### Exercise materials
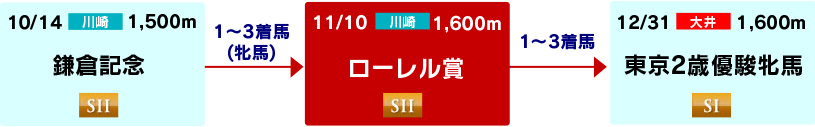 体系図 ~2歳牝馬重賞~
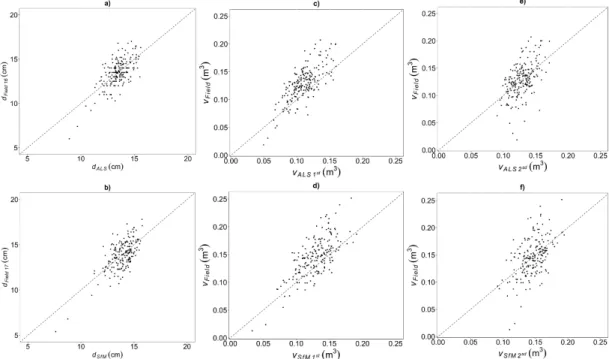 Figure 5. Scatter plots of ALS and SfM-derived variables against field-derived variables: (a) field- field-measured tree diameter (d) against ALS-estimated tree diameter (d ALS ); (b) field-measured tree  diameter (d) against SfM-estimated tree diameter (d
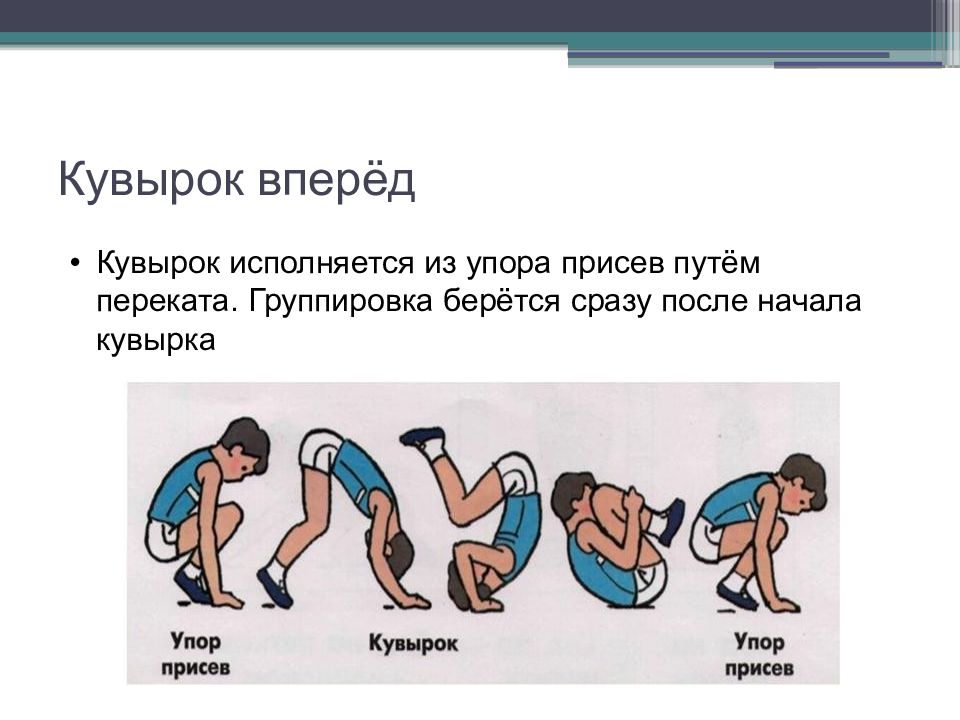 Кувырок это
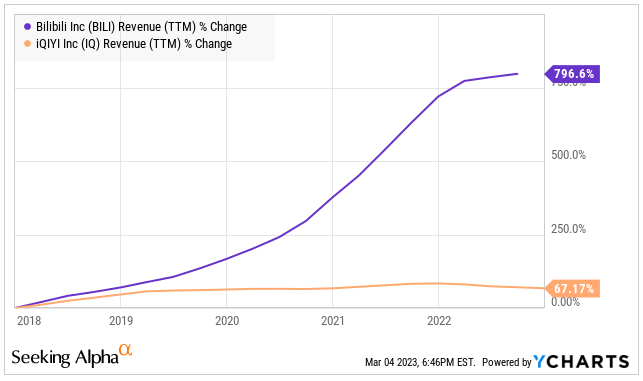 Bili and peer revenue growth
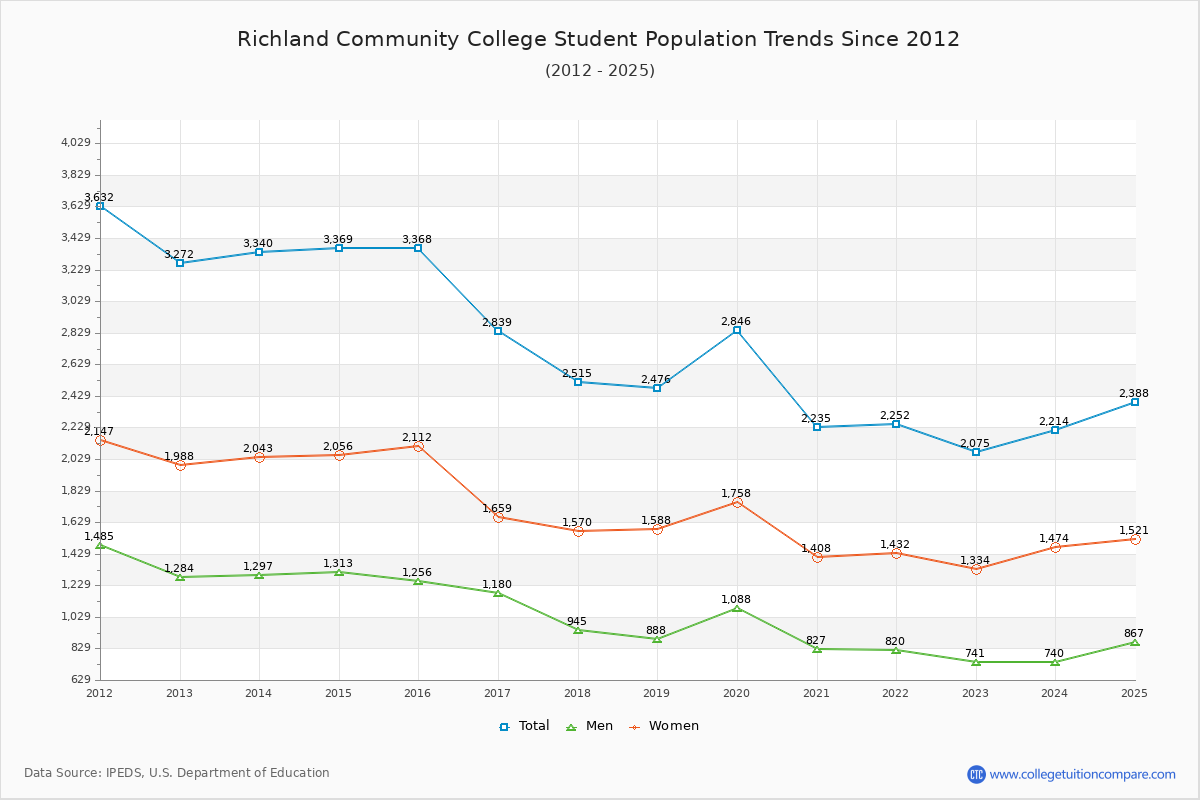 Richland Community College Enrollment Trends Chart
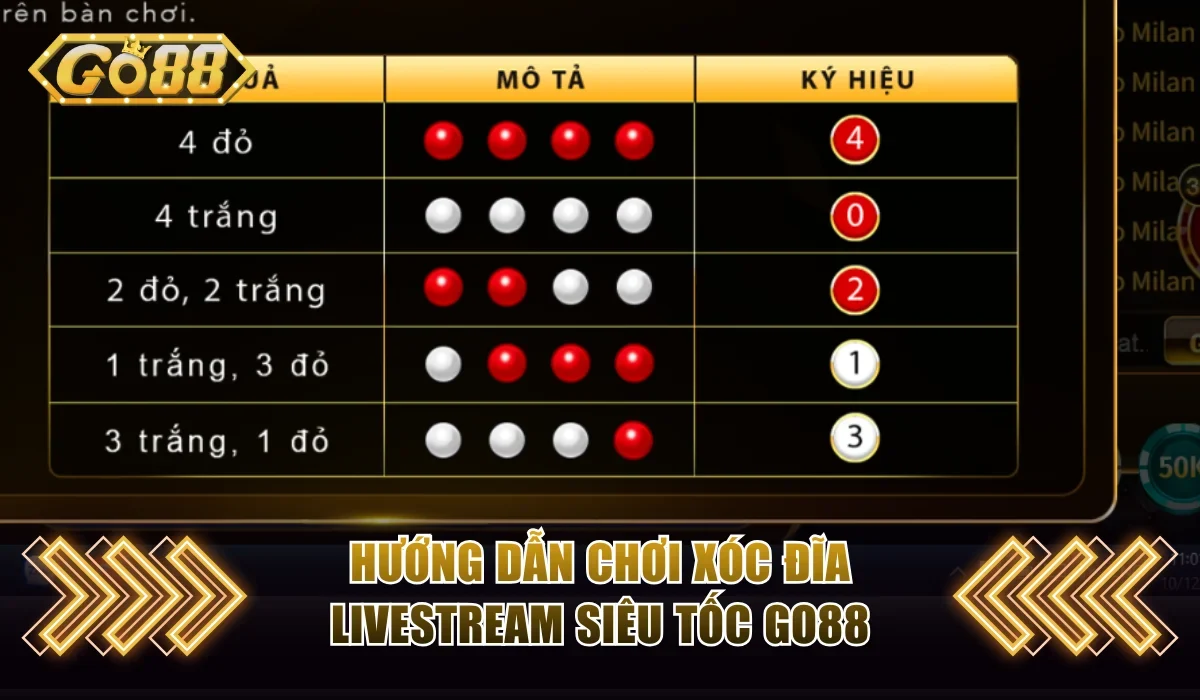 Quy luật tham gia xóc đĩa cho người mới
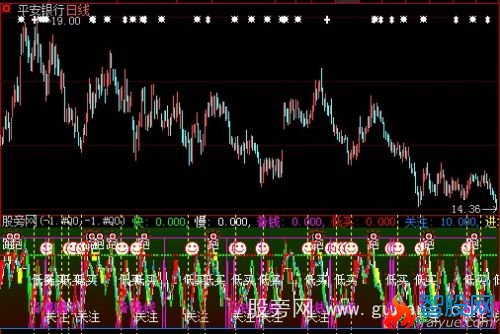 大智慧短线短买指标公式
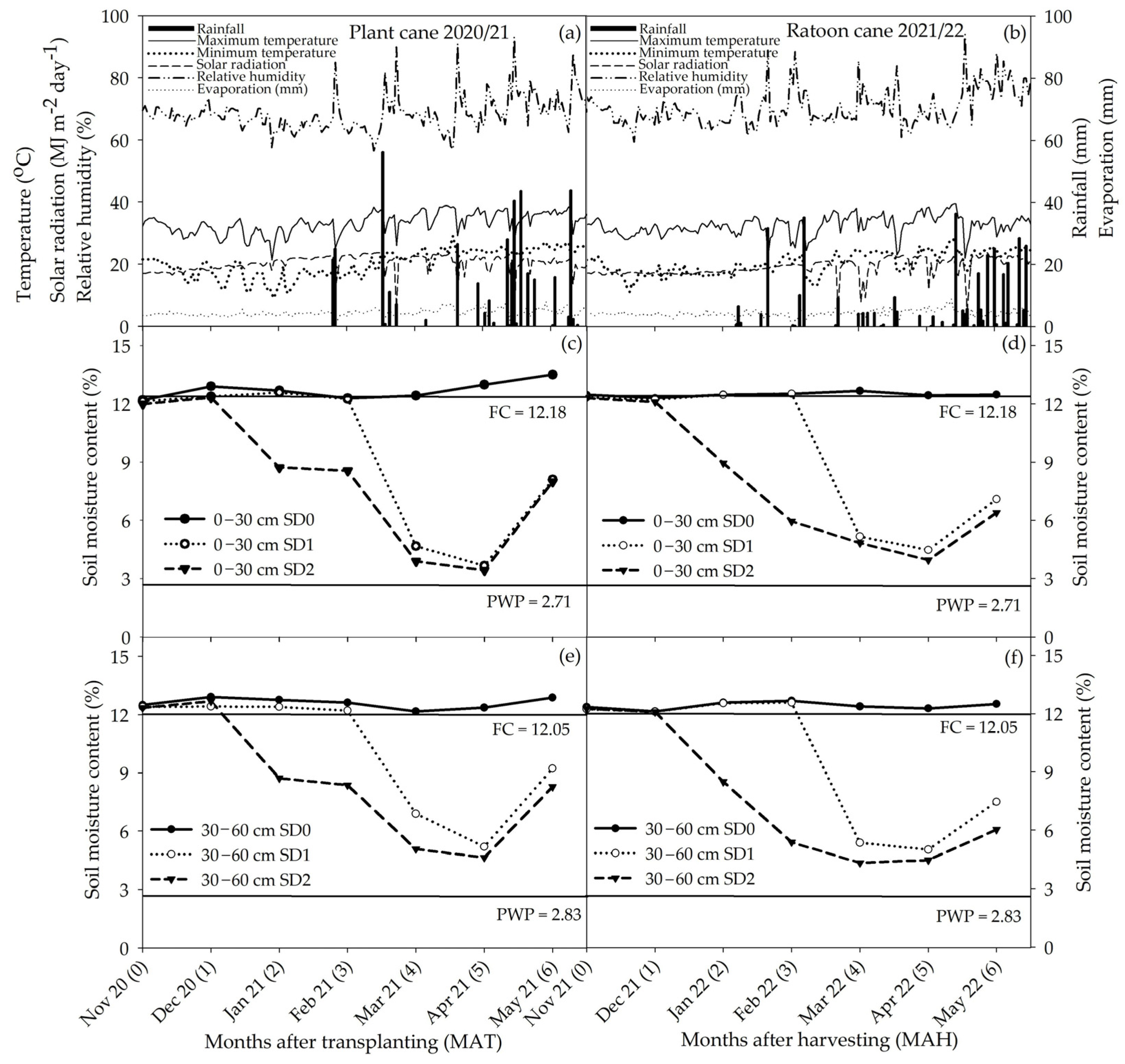 Agronomy 13 02594 g001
######
Up to and including the line that holds "Bili and peer revenue growth", restate word for word each line of the records from their start, and only those lines, leaving out the pictures.

Exercise response:
 体系図 ~2歳牝馬重賞~
 Figure 5. Scatter plots of ALS and SfM-derived variables against field-derived variables: (a) field- field-measured tree diameter (d) against ALS-estimated tree diameter (d ALS ); (b) field-measured tree  diameter (d) against SfM-estimated tree diameter (d
 Кувырок это
 Bili and peer revenue growth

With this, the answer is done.